Barclays Bank PLC is offering $8.386 million of Autocallable Contingent Barrier Return Enhanced Lookback Entry Notes linked to the S&P 500® Index. The Notes are part of the bank’s Global Medium-Term Notes, Series A program and were priced on 27 June 2025 for expected issuance on 2 July 2025.

Key economic terms

  • Initial issue price: $1,000 per Note; minimum $10,000 denominations.
  • Automatic call: If, on the Review Date (27 Aug 2026), the S&P 500 closing level is ≥ the Lookback Underlier Value (lowest close recorded between the Pricing Date and 25 July 2025), investors receive the Call Price of $1,118 (11.80% premium) on 1 Sept 2026 and the Note terminates.
  • Maturity: 1 Sept 2027, unless called early.
  • Upside participation: If not called and the Final Underlier Value exceeds the Lookback Underlier Value, return equals 1.5× the positive Underlier Return.
  • Barrier: 80% of the Lookback Underlier Value. If final value < barrier, principal is reduced 1-for-1 with the index decline, potentially to $0.
  • Estimated value: $981.70 per $1,000 Note (1.8% below issue price).
  • Issuer credit: Unsecured, unsubordinated obligations of Barclays Bank PLC; subject to U.K. Bail-in Power.

Investor considerations

  • No periodic coupons; total return derives solely from call premium or leveraged upside.
  • Lookback feature lowers the effective entry level, potentially increasing call probability and downside cushion, yet investors remain exposed to full downside below the 80% barrier.
  • Liquidity: No exchange listing; secondary market, if any, will be made solely by Barclays affiliates and may be illiquid and at prices below issue price.
  • Fees & charges: Placement agents (J.P. Morgan) receive up to $15.83 per $1,000; these fees contribute to the gap between estimated and issue price.
  • Risks disclosed: loss of principal, reinvestment risk if called after ~14 months, model-driven estimated value, tax uncertainty (pre-paid forward treatment), potential U.K. regulatory bail-in.

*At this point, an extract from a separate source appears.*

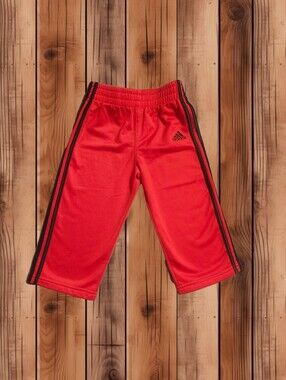 🔥5/$25🔥​Adidas Toddler Boys Red Track Pants Black 3-Stripe Size 24M Activewear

Tax & ERISA: Barclays’ counsel expects the Notes to be treated as prepaid forward contracts; IRS could challenge this view. Section 871(m) withholding is not expected to apply. ERISA fiduciaries must confirm adequate consideration and lack of Barclays discretionary control.

The supplement highlights extensive Selected Risk Considerations, including volatility risk, absence of dividends, calculation-agent discretion, change-in-law acceleration, and conflicts of interest arising from Barclays’ dual roles as issuer, hedger and calculation agent.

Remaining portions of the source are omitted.